Thomas R. Knutson, Joseph J. Sirutis, Gabriel A. Vecchi, Steven Garner, Ming Zhao, Hyeong-Seog Kim, Morris Bender, Robert E. Tuleya, Isaac M. Held, and Gabriele Villarini. Journal: Journal of Climate. DOI: 10.1175/JCLI-D-12-00539.1


The authors explored the influence of anthropogenic climate change on Atlantic hurricane activity in the 21st century, using dynamical climate models. The results of experiments using multi-model climate change scenarios were compared, with one scenario taken from CMIP3 (A1B), and one from CMIP5 (RCP4.5). A significant reduction in the frequency of tropical storms and hurricanes is projected for both CMIP3 and CMIP5 ensembles.
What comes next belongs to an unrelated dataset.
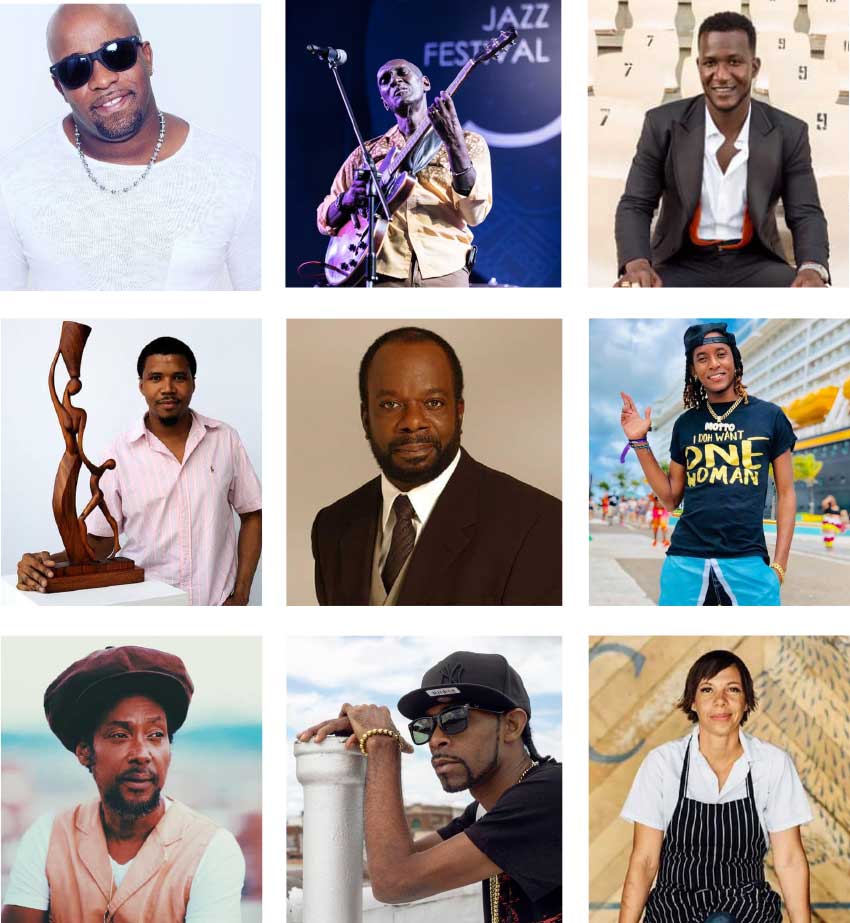 Image: [L-R] Soca artiste Teddyson John, Singer, musician, songwriter and producer Ronald “Boo” Hinkson, International cricketer Daren Julius Garvey Sammy, Sculptor Jallim Eudovic, Actor Joseph Marcell, Music producer and performer Lashley “Motto” Winter, Soca performer Ricky T Joseph, Chef Nina Compton. 
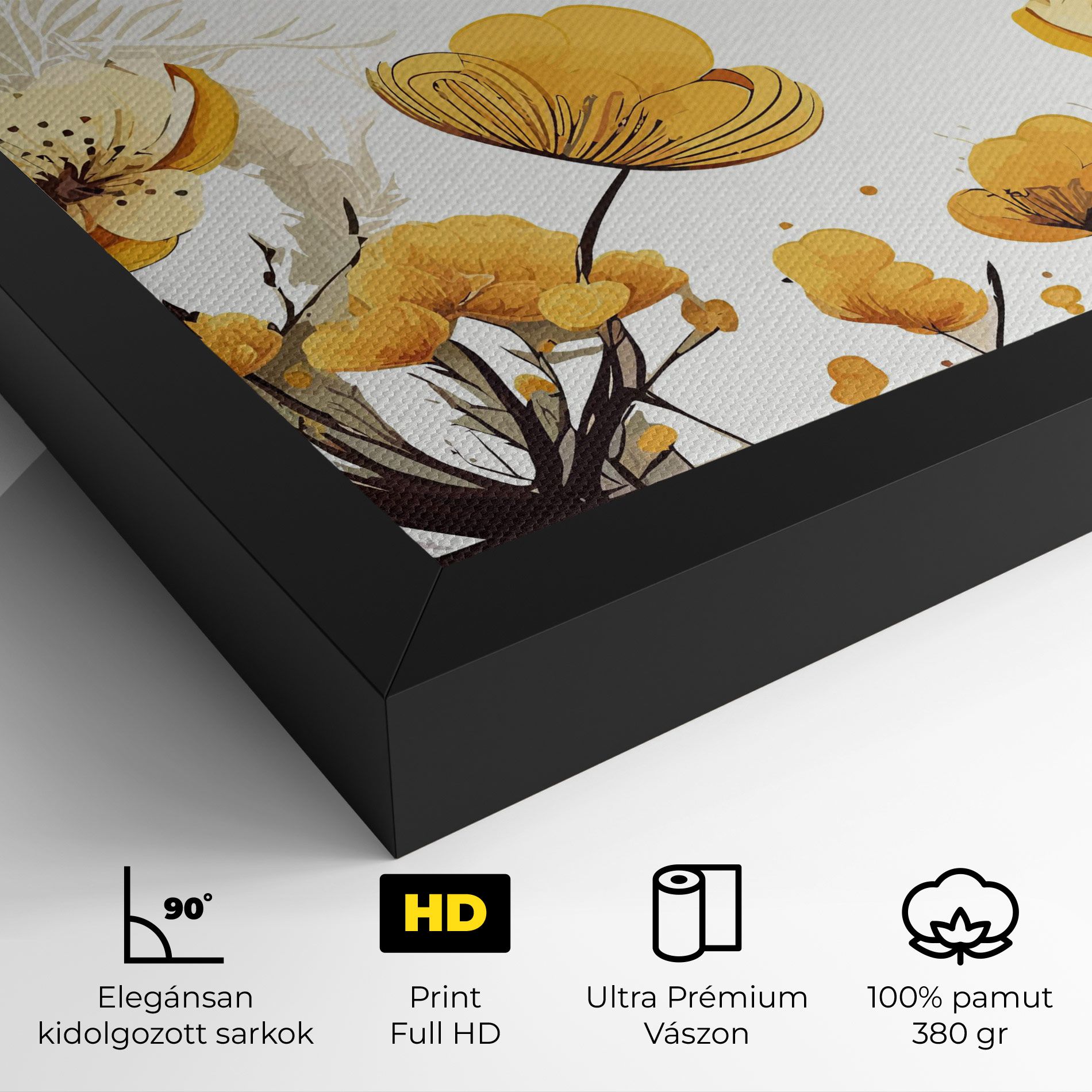 Yellow Circle Flowers mockup 4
However, the authors found significantly increased frequency of category 4 and 5 hurricanes in experiments with the CMIP3 ensemble. Experiments with the CMIP5 ensemble showed a smaller increase in the strongest storms. In addition, tropical cyclone-related rainfall rates, increased significantly--by about 30% in the hurricane inner core (within 50 km of the storm center) with a smaller increase of about 10% for rainfall rate averaged within 200 km to 400 km of the storm center.

To test the robustness of results, the downscaling technique was also applied to ten individual CMIP3 models. Projections from an 18 km grid regional model (Zetac) and a 50 km grid global model (HiRAM C180) were compared to test the robustness of the downscaling technique. To simulate intense hurricanes, each storm from the Zetac regional model (18 km grid spacing) was re-simulated using the GFDL hurricane forecast model which has a 9-km inner mesh. The high atmospheric-model resolution, different tests of robustness, and the use of dynamical ocean coupling for the downscaling step are distinguishing features of this published research.

Tracks and intensities of all storms reaching Category 4 or 5 intensity (>59 m/sec) in the GFDL hurricane model downscaling experiments. Results are shown for the control climate (upper left); CMIP3/A1B 18-model ensemble late 21st century (lower left); CMIP5/RCP4.5 18-model ensemble early (upper right) or late (lower right) 21st century. Track colors indicate the intensity category during the storm's lifetime.

Known uncertainties

Uncertainties include the future projections of changes in large scale climate conditions which drive the downscaling models, and the response of hurricanes to a particular set of changes in climate conditions. Both of these uncertainties are explored in this study. Important weaknesses include: the limitation of not simulating the hurricane activity within the original climate model, which would allow hurricanes to feed back on the climate system; the hurricane model does not simulate as many Category 4-5 storms as observed in the present climate; and the decadal variability of Atlantic hurricane intensity during the period 1980-2006 is less than observed.